The world's experts on fighting financial crime are gathering in Berlin to redraw the rules used to disrupt money launderers and those who fund terrorism. High on the list of priorities for the Financial Action Task Force, whose annual plenary takes place this week, is the task of extending the scrutiny on financial flows from banks and other big institutions, the traditional targets, to lawyers, accountants, auction rooms, casinos and other, smaller finance-related services.
The so-called "40 Recommendations" - the bible of the anti-money laundering world, expanded with a further 8 rules on terror finance after 9/11 - will be further added to in order to make sure fringe financial services do not act as loopholes.

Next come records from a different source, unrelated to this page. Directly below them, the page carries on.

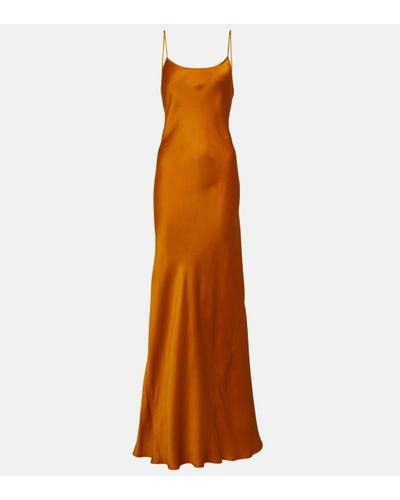 Victoria Beckham Robe longue Cami en satin - Marron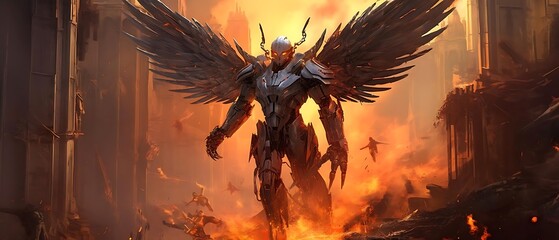 Robotic angel amidst fiery ruins, large wings, apocalyptic scene.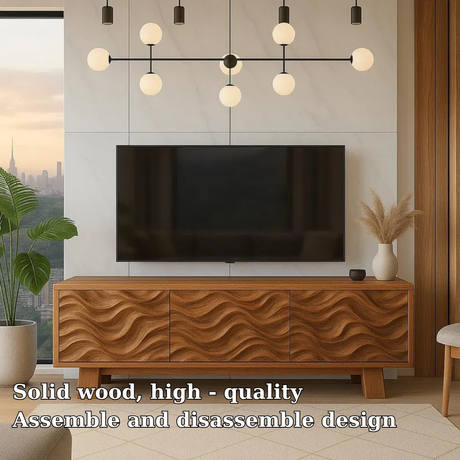 Handcrafted Solid Wood TV Stand with Wave Pattern Doors – Modern Artistic Media Console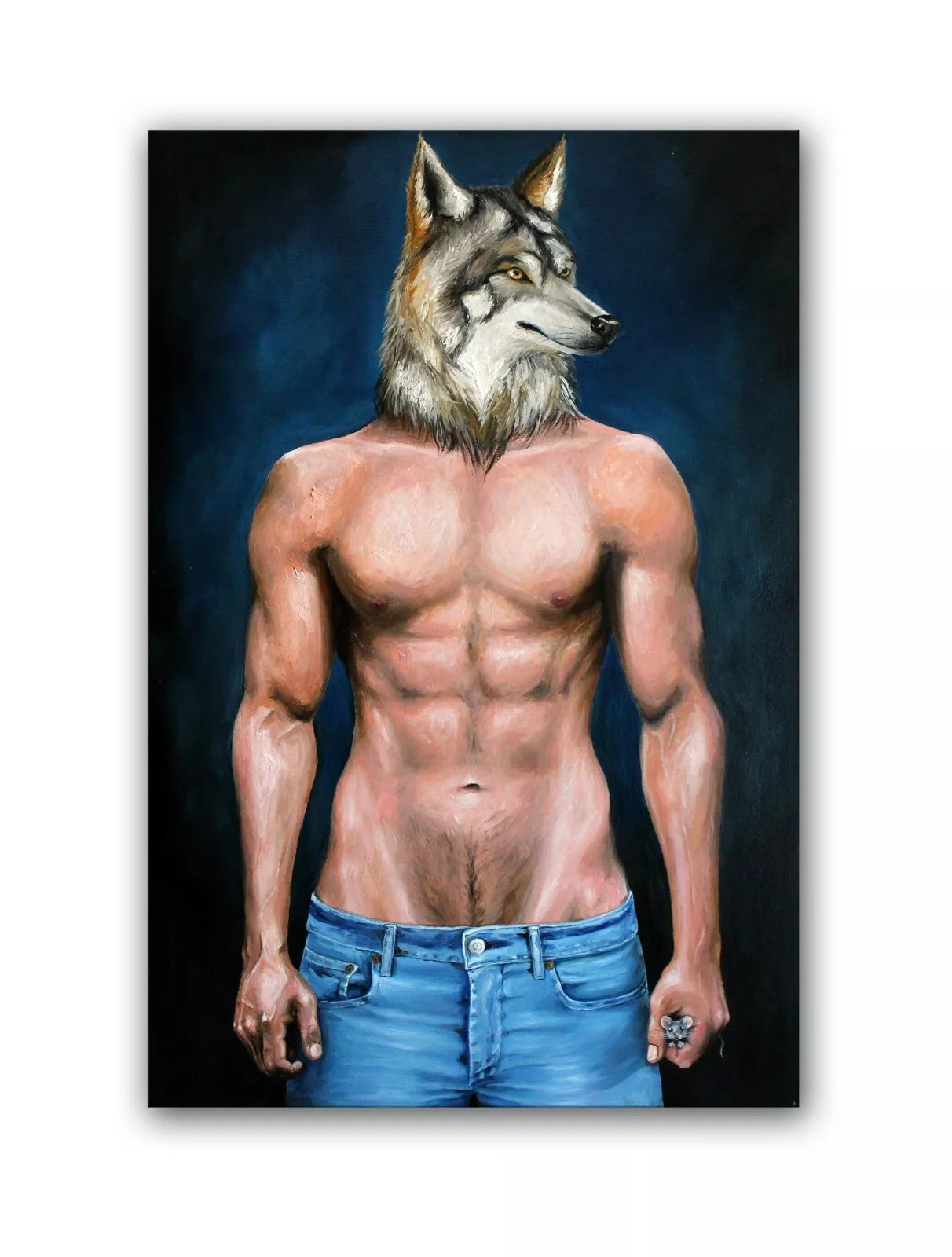 art-moderne-nu-masculin-homme-loup-peinture-originale-huile-toile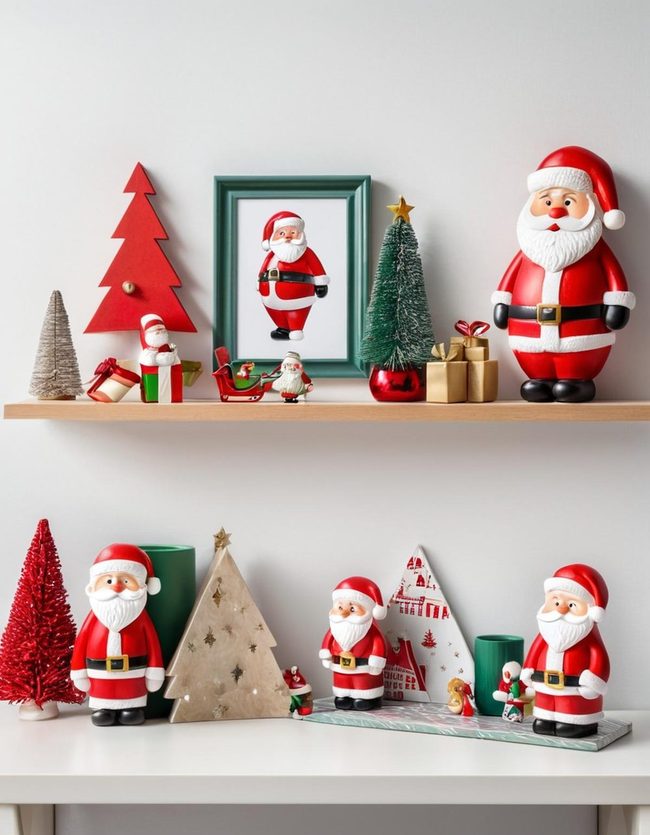 Santa Figurines Transform Dorm Walls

But according to some, there is also a job to be done in tightening up the existing rules - not in Caribbean or Pacific islands, often labelled as havens for funny money, but in the US and the UK.
Under the counter
Neither, critics say, is doing enough to stem illicit financial flows, despite being among the loudest voices backing the crackdown on the funding of terror.
According to reports in the Financial Times, German officials accuse both countries of being reluctant to put pressure on informal money transfer systems such as the hawala system that pushes funds between the West, the Middle East and South Asia.

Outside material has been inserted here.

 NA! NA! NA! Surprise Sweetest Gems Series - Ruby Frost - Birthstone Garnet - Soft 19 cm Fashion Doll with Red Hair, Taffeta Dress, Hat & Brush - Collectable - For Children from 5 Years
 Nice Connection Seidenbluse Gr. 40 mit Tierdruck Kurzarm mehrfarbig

Many experts believe this is a prime route for terrorist finance, and Pakistan and several Gulf countries have introduced tougher regulation.

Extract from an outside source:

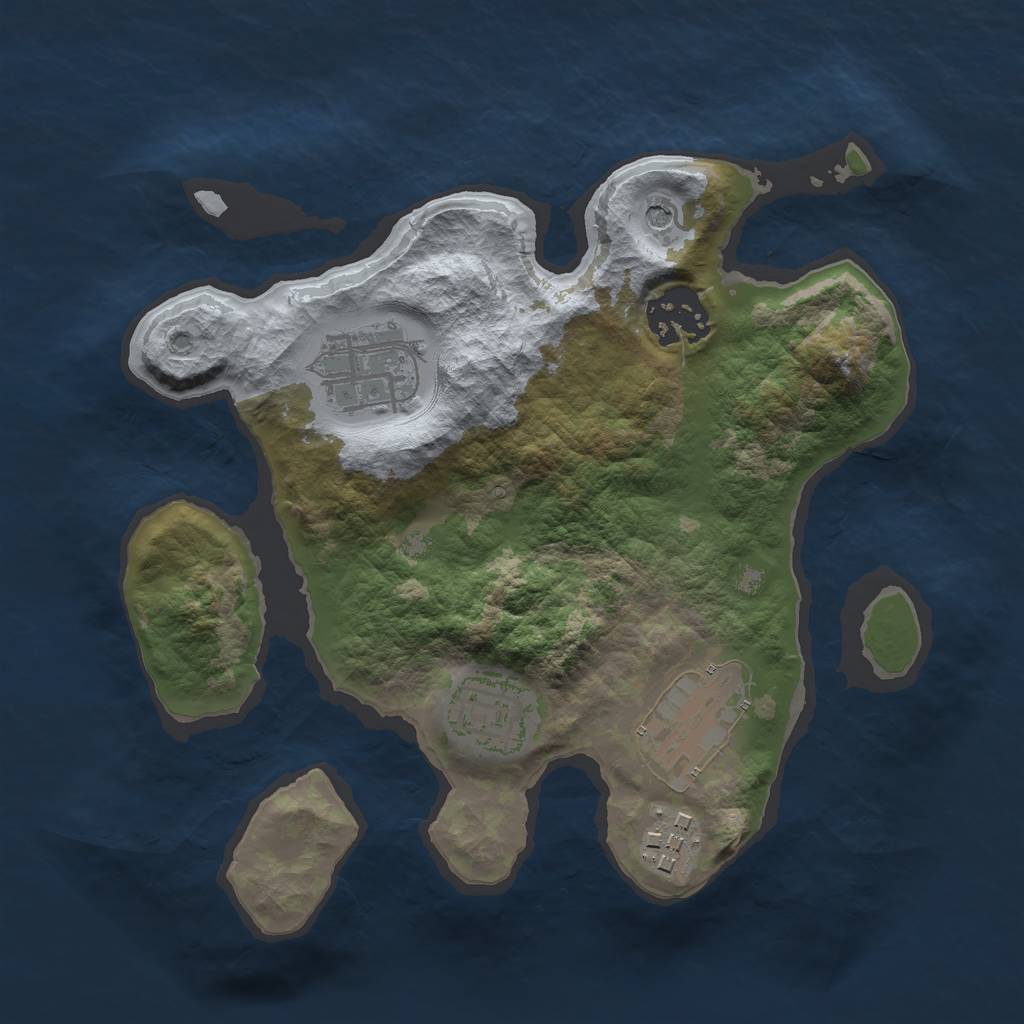 Rust Map: Barren, Size: 2500, Seed: 746235325, 8 Monuments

The FT says the UK and the US are worried that too harsh a stance would hurt the communities whose relatives back home depend on the financial flows.
Open shell
But the official route presents problems too, German officials told the Wall Street Journal.
Some US states have very light regulation of corporate entities, making it easy to set up "shell" or front companies often used as a key part of the washing of illicit funds.
Delaware is often picked out as a prime example of places where commercial laws hinder investigators trying to find out who really controls a company.
The criticisms echo those made by offshore locations such as the British Virgin Islands and the Cayman Islands.
The International Trade and Investment Organisation, the lobby representing small offshore financial centres, published a study last year suggesting that regulation was laxer there and in Hong Kong than it was in ITIO members.
And earlier this month, the UK chapter of international anti-corruption group Transparency International published a report saying that the UK's own controls on money laundering needed to be tightened up.